А вместе с ней за этот год изменился и я. Трудно, конечно, вот так взять и со стороны проанализировать, каким я был и каким стал. Наверно, можно сказать, что повзрослел, но это понятие столь же расплывчатое, как «работа редакции», а потому покажется вам слишком абстрактным. Возможно, я стал более сдержанным, терпеливым, усидчивым, набрался всяческого опыта, заматерел, как говорится. Внутренне я уже гораздо меньше похож на Витеньку, и когда ко мне обращаются «Виктор Александрович», я реагирую. Есть ощущение, что вряд ли я вернусь к тусовочно-прожигательному образу жизни.
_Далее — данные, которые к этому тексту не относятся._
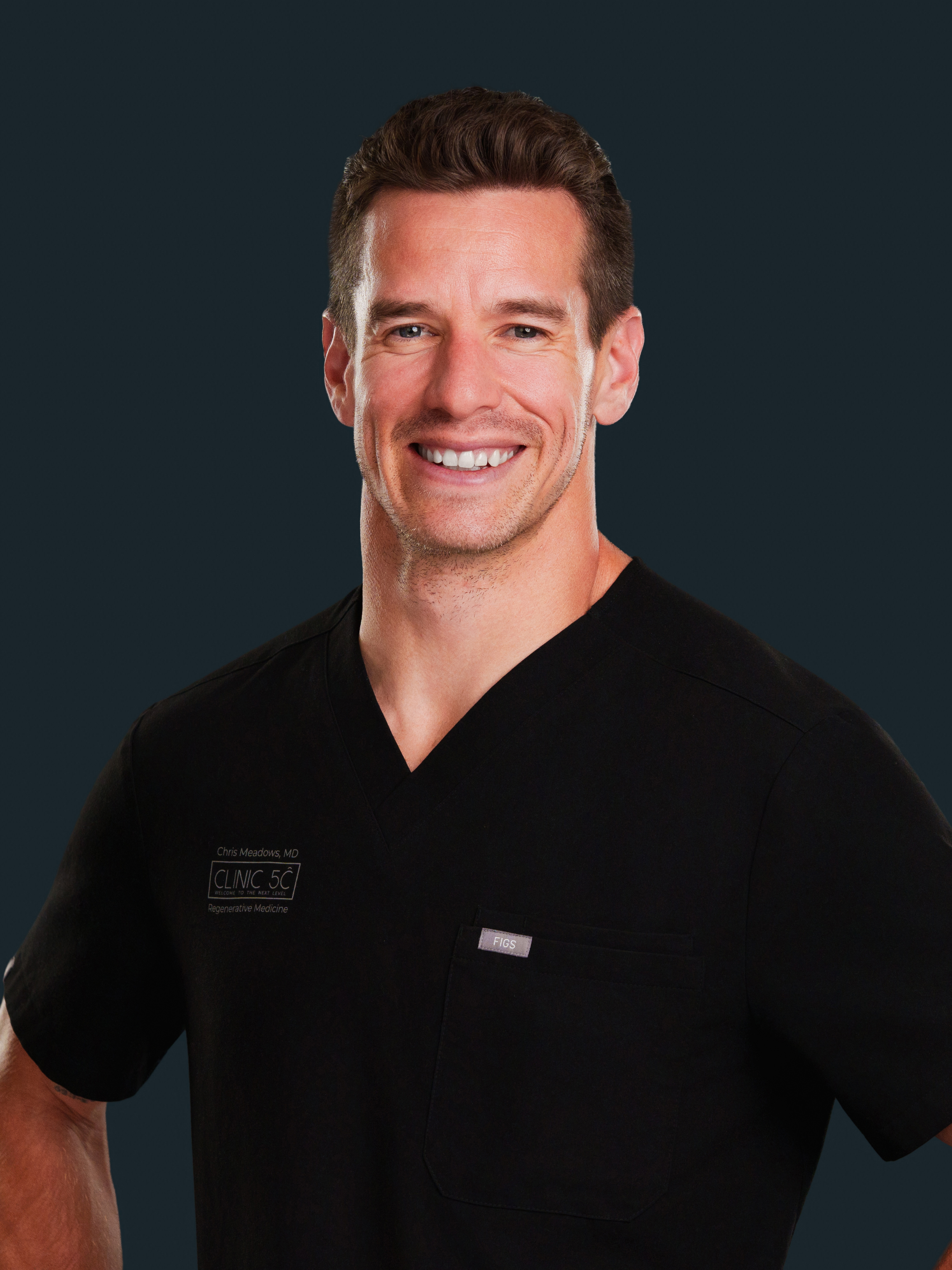 Dr. Christopher Meadows, MD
Тем более я теперь всё-таки человек семейный, хаха. Думаю, за этот год мною выпито меньше, чем за каждый из последних лет 7, что можно назвать чуть ли не главным моим достижением, хаха.
Фиг знает, хорошо ли это. Иногда хочется снова стать «Витенькой» и вернуться в то время, когда можно было делать всё, что заблагорассудится, а планы не простирались дальше сегодняшнего вечера. Наверно, это проявление слабости - хочется отрешиться от настоящего и забыться. Хочется, чтобы все проблемы решились сами собой, но вместо этого их становится всё больше. И, к сожалению, дело не во мне, а в проблемах и обстоятельствах. Я даже был бы рад объявить себя виноватым во всём, признаться, что я ни на что не годный неудачник, забиться в угол и больше оттуда не вылезать. Но тем самым я навру самому себе.
Нам с Катей остаётся лишь сделать тяжёлый выбор между нервозностью, неустроенностью и некой обречённостью здесь и тотальной неопределённостью там. Согласитесь, это лучше, чем, например, между зинданом и службой в армии, поэтому мы на позитиве. И, на что-то решаясь, я поднимаю глаза к небу и пытаюсь применить Галины принципы, потому что она оставалось честной перед самой собой и, смею надеяться, в целом была счастлива. «Надо быть ближе к тем, кого любишь», «терпеть можно во имя чего-то или кого-то, кого любишь», «деньги и статус - это не главное», «не бояться нового». Окей, Галя, как скажешь - я знаю, ты желаешь мне добра.

13. Подарок
Этот пост я начал писать, наверно, ещё в ноябре. Потом, как это обычно бывает, отложил до завтра, а завтра растянулось до конца декабря. С тех пор ничего по сути не менялось, зато у меня впервые получились банальные итоги года. Ну что же, раз так, значит так. 2008-й был годом самых острых и противоречивых чувств (Катя, Галя). 2009-й эти противоречия закрепил. С одной стороны, мы с Катей стали вместе жить, с другой - всё то, что описано выше. Это некое подобие равновесия. На одной стороне - жирный плюс. На другой - длинный минус. Хоть я и в стране, где достать наркотики - это действительно большая проблема, но всё же: товарищ Дед Мороз, мне очень нужно, чтобы на Новый год ты в чашу с плюсом положил всего лишь небольшой камешек, который прочно склонит стрелки весов в одну конкретную сторону (в какую, ты, я думаю, догадываешься). Если ты это сделаешь, я обещаю, что всё остальное сделаю сам.